Geoffrey Chaucer 1340 -1400

 

Geoffrey Chaucer 1340 -1400

Geoffrey Chaucer 1340 -1400


Before William Shakespeare, Geoffrey Chaucer was the pre-eminent English poet, and he remains in the top tier of the English canon. He was also the most significant poet to write in Middle English. Chaucer was born in the early 1340s to a fairly rich, well-to-do, though not aristocratic family. His father, John Chaucer, was a vintner and deputy to the king's butler. His family's financial success came from work in the wine and leather businesses, and they had considerable inherited property in London. Little information exists about Chaucer's education, but his writings demonstrate a close familiarity with a number of important books of his contemporaries and of earlier times 

such as Boethius's The Consolation of Philosophy

Chaucer likely was fluent in several languages, including French, Italian, and Latin. Sons of wealthy London merchants could receive good educations at this time, and there is reason to believe that, if Chaucer did not attend one of the schools on Thames Street near his boyhood home, then he was at least well-educated at home. Certainly, his work showcases a passion for reading a huge range of literature, classical and modern.

Chaucer first appears in public records in 1357 as a member of the House of Elizabeth, Countess of Ulster. This was a conventional arrangement in which sons of middle-class households were placed in royal service so that they could obtain a courtly education. Two years later, Chaucer served in the army under Edward III and was captured during an unsuccessful offensive at Reims, although he was later ransomed. Chaucer served under a number of diplomatic missions.

By 1366 Chaucer had married Philippa Pan who had been in service with the Countess of Ulster. Chaucer married well for his position, for Philippa Chaucer received a pension from the queen consort of Edward III. Philippa's sister Katherine de Roet was John of Gaunt's mistress for twenty years before becoming the Duke's wife. Through this connection, John of Gaunt was Chaucer's “kinsman.” Chaucer himself secured an annuity as a yeoman of the king and was listed as one of the king's esquires.

Chaucer's first published work was The Book of the Duchess, a poem of over 1,300 lines, supposed to be an elegy for Blanche, Duchess of Lancaster, addressed to her widower, the Duke.
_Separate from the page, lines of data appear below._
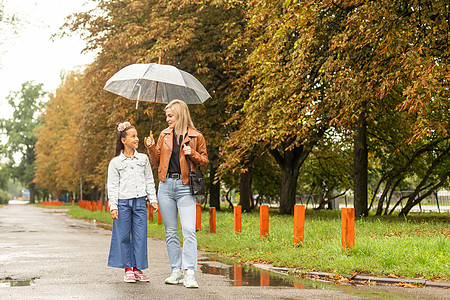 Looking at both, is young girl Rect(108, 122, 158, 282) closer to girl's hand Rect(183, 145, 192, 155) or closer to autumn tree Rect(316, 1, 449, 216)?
girl's hand Rect(183, 145, 192, 155)

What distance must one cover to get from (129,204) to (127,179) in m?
0.31

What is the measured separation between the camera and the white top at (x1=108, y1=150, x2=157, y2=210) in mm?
6961

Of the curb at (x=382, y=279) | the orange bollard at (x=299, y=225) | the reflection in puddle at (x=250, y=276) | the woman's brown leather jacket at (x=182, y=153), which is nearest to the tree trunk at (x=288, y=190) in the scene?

For this first of his important poems, which was published in 1370, Chaucer used the dream-vision form, a genre made popular by the highly influential 13th-century French poem of courtly love, the Roman de la Rose, which Chaucer translated into English.

Throughout the following decade, Chaucer continued with his diplomatic career, travelling to Italy for negotiations to open a Genoa port to Britain as well as military negotiations with Milan. During his missions to Italy, Chaucer encountered the work of Dante, Petrarch, and Boccaccio was later to have a profound influence on his own writing. In 1374 Chaucer was appointed comptroller of the customs and subsidy of wool, skins, and tanned hides for the Port of London, his first position away from the British court. Chaucer's only major work during this period was House of Fame, a poem of around 2,000 lines in dream-vision form, which ends so abruptly that some scholars consider it unfinished.
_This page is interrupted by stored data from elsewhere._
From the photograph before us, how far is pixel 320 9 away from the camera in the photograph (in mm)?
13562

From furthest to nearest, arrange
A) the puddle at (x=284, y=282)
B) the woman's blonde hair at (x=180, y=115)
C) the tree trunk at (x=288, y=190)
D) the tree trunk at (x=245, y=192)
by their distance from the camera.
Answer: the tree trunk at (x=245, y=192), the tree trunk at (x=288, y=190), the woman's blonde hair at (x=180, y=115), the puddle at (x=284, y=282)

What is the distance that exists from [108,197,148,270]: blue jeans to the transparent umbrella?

In October 1385, Chaucer appointed a justice of the peace for Kent, and in August 1386 he became a knight of the shire for Kent. Around the time of his wife's death in 1387, Chaucer moved to Greenwich and later to Kent. Changing political circumstances eventually led to Chaucer falling out of favour with the royal court and leaving Parliament,

But when Richard II became King of England, Chaucer regained royal favour. During this period Chaucer used writing primarily as an escape from public life. His works included Parlement of Foules, a poem of 699 lines. This work is a dream vision for St. Valentine's Day and makes use of the myth that each year on that day the birds gather before the goddess Nature to choose their mates. This work was heavily influenced by Boccaccio and Dante.

Chaucer's next work was Troilus and Criseyde, which was influenced by The Consolation of Philosophy, which Chaucer himself translated into English. Chaucer took some of the plot of Troilus from Boccaccio's Filostrato. This 8,000-line rime-royal poem recounts the love story of Troilus, son of the Trojan king Priam, and Criseyde, the widowed daughter of the deserter priest Calkas, against the background of the Trojan War. (Compare Shakespeare's version in Troilus and Cressida.)
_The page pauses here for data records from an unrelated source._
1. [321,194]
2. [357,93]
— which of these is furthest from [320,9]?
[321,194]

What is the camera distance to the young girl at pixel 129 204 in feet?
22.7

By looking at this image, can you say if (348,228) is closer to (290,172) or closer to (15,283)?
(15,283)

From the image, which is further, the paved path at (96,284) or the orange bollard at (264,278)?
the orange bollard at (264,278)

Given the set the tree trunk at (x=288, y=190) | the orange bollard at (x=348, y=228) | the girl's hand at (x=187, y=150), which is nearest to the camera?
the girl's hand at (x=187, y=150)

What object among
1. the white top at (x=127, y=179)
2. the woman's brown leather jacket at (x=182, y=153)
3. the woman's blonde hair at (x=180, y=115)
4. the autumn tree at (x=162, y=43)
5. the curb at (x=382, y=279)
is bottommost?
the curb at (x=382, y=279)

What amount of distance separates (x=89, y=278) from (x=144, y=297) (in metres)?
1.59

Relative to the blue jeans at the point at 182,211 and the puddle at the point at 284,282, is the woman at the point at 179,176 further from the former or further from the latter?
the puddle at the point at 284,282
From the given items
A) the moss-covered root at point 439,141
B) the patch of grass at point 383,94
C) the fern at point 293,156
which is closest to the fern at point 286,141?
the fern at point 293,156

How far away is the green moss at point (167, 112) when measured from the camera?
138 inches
The Canterbury Tales secured Chaucer's literary reputation. It is his great literary accomplishment, a compendium of stories by pilgrims travelling to the shrine of Thomas a Becket in Canterbury. Chaucer introduces each of these pilgrims in vivid, brief sketches in the General Prologue and intersperses the twenty-four tales with short dramatic scenes with lively exchanges. Chaucer did not complete the full plan for the tales, and surviving manuscripts leave some doubt as to the exact order of the tales that remain. However, the work is sufficiently complete to be considered a unified book rather than a collection of unfinished fragments. The Canterbury Tales is a lively mix of a variety of genres told by travellers from all aspects of society. Among the genres included are courtly romance, fabliaux, saint's biography, allegorical tale, beast fable, and medieval sermon.

Information concerning Chaucer's descendants is not fully clear. It is likely that he and Philippa had two sons and two daughters. Thomas Chaucer died in 1400; he was a large landowner and political officeholder, and his daughter, Alice, became Duchess of Suffolk. Little is known about Lewis Chaucer, Geoffrey Chaucer's youngest son. Of Chaucer's two daughters, Elizabeth became a nun, while Agnes was a lady-in-waiting for the coronation of Henry IV in 1399. Public records indicate that Chaucer had no descendants living after the fifteenth century.